By the time I arrived, it was already dinner hour, so I didn't get the deep dive into the winery I was hoping for, and this is exactly why I already know I need to come back and give it the time it deserves. But even from what I saw, it's clear the team behind V'asbos has drawn a real parallel between this stretch of the Northern Aegean and France's Rhône Valley in terms of terroir. They're building their reds around Grenache and Syrah, and the results are excellent. According to what I heard over dinner, a white wine is also in the works.
We sit down in the restaurant's garden just as a cool June evening slides into sunset, and the view is honestly a little disorienting in the best way: a green sea of olive groves and forest rolling out in front of you, the hill holding the ancient city of Assos just beyond it, the blue Aegean past that, and the island of Lesbos on the horizon. I catch myself just staring at it for several minutes, completely zoned out. The closest thing to meditation I've hit in a while…

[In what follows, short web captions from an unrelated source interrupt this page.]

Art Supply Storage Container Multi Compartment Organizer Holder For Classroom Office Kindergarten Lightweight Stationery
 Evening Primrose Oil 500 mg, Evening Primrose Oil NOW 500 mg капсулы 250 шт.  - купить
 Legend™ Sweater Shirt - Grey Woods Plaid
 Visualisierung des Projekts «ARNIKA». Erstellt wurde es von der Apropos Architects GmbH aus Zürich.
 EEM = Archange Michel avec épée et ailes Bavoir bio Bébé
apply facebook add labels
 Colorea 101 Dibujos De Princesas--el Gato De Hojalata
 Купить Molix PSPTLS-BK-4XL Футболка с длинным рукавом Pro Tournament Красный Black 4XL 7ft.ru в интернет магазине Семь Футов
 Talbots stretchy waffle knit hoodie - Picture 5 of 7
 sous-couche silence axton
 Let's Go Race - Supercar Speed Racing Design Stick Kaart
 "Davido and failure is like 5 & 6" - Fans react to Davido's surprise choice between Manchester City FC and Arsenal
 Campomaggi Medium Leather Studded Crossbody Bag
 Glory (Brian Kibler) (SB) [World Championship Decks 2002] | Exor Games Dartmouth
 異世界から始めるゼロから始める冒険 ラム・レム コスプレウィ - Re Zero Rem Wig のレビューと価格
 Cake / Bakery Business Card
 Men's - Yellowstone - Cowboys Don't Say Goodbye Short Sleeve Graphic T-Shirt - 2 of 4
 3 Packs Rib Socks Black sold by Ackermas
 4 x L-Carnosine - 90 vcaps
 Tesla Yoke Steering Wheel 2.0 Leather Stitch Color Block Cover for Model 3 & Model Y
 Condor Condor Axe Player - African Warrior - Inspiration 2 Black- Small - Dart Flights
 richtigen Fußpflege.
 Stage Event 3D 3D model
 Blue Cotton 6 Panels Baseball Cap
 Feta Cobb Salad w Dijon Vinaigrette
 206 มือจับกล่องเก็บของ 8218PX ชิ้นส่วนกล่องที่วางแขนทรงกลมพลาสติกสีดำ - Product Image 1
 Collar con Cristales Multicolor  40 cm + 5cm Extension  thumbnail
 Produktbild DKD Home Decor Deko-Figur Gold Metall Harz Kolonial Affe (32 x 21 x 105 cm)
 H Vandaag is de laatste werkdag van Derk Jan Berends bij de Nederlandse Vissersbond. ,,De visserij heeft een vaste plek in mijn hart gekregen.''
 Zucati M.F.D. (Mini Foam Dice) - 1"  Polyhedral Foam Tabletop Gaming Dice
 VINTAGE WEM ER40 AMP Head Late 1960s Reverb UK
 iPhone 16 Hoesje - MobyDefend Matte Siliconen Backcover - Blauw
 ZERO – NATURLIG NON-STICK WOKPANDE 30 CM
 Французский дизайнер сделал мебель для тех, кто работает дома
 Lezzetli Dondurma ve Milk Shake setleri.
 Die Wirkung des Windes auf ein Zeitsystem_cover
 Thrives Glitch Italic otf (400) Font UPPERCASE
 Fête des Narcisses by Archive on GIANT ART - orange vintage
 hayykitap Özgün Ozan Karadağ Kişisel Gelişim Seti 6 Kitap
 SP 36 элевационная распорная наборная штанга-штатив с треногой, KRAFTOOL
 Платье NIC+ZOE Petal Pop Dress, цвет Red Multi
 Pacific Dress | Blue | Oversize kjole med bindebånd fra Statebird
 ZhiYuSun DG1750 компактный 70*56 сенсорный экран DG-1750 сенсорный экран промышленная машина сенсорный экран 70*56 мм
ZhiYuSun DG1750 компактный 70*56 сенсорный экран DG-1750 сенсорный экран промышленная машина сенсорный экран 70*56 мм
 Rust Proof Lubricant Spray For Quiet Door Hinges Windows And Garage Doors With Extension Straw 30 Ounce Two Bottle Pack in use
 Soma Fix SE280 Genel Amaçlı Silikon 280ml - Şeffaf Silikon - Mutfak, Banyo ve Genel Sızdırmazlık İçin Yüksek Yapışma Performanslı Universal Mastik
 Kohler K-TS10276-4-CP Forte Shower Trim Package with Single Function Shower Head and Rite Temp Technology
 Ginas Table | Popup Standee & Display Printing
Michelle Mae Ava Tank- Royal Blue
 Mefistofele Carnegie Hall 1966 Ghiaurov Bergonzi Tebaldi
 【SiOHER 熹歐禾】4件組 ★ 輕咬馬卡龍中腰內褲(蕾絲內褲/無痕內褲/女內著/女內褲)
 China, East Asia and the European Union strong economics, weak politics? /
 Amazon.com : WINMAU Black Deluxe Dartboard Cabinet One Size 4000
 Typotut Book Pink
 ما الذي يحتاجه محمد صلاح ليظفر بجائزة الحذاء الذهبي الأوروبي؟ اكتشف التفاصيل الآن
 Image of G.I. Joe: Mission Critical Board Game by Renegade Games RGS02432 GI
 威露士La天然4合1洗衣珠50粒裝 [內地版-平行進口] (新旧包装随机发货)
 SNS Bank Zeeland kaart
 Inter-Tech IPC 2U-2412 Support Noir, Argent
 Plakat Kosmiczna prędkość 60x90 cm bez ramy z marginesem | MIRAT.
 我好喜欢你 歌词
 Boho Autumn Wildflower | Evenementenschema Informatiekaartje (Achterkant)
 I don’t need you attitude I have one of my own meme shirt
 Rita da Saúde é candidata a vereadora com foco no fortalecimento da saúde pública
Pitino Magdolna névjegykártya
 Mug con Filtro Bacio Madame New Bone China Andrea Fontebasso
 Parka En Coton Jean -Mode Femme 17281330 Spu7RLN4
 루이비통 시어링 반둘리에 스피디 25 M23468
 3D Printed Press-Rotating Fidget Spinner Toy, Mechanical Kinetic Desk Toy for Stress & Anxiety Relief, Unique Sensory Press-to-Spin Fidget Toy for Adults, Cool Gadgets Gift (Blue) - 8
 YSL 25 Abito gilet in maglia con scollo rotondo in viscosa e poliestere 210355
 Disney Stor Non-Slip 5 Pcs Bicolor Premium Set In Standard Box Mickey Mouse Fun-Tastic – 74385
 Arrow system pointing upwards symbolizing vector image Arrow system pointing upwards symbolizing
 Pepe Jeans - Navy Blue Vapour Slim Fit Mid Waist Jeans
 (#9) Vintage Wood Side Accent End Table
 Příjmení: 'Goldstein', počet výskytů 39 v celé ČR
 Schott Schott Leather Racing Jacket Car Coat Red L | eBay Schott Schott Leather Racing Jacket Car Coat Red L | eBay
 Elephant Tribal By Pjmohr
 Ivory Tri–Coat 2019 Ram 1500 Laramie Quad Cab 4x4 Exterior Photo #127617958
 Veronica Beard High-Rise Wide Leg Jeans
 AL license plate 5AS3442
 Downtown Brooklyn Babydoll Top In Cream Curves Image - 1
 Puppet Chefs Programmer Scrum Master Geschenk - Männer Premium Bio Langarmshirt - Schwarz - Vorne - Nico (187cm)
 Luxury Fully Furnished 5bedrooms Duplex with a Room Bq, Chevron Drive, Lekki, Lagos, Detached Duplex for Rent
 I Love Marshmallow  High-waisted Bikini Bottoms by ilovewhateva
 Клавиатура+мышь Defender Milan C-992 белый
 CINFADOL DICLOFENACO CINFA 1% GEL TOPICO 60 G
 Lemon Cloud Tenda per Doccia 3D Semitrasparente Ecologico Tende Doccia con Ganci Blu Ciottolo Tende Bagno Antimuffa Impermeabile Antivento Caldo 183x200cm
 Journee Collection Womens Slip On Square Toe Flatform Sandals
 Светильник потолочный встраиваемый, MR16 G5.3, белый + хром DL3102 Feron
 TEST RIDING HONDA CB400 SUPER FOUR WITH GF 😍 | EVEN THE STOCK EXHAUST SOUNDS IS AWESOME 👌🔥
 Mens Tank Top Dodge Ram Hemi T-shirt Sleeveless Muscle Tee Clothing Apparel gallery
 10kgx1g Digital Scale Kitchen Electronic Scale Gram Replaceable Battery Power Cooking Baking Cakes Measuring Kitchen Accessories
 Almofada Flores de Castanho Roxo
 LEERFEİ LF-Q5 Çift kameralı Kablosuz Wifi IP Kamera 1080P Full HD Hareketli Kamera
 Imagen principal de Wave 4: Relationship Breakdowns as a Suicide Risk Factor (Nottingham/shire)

All that fresh air apparently works up an appetite, because we dig into a compact, thoughtfully put-together menu designed by Chef Mehmet Ali Börtücene, a friend from my hometown of Antalya. We end up trying almost everything, and honestly, all of it delivers. My personal favorites: a mushroom pizza with a genuinely great crust and local cheese, and a grilled sea bass with chimichurri and romesco that hit the spot for the Latin-American side of my palate in particular.
V'asbos isn't just a good meal with a nice view, it's the kind of place that quietly convinces you to rearrange your travel plans. Give it a few more harvests, and I suspect people won't be coming to Assos just for the ruins anymore. They'll be coming for V'asbos, too.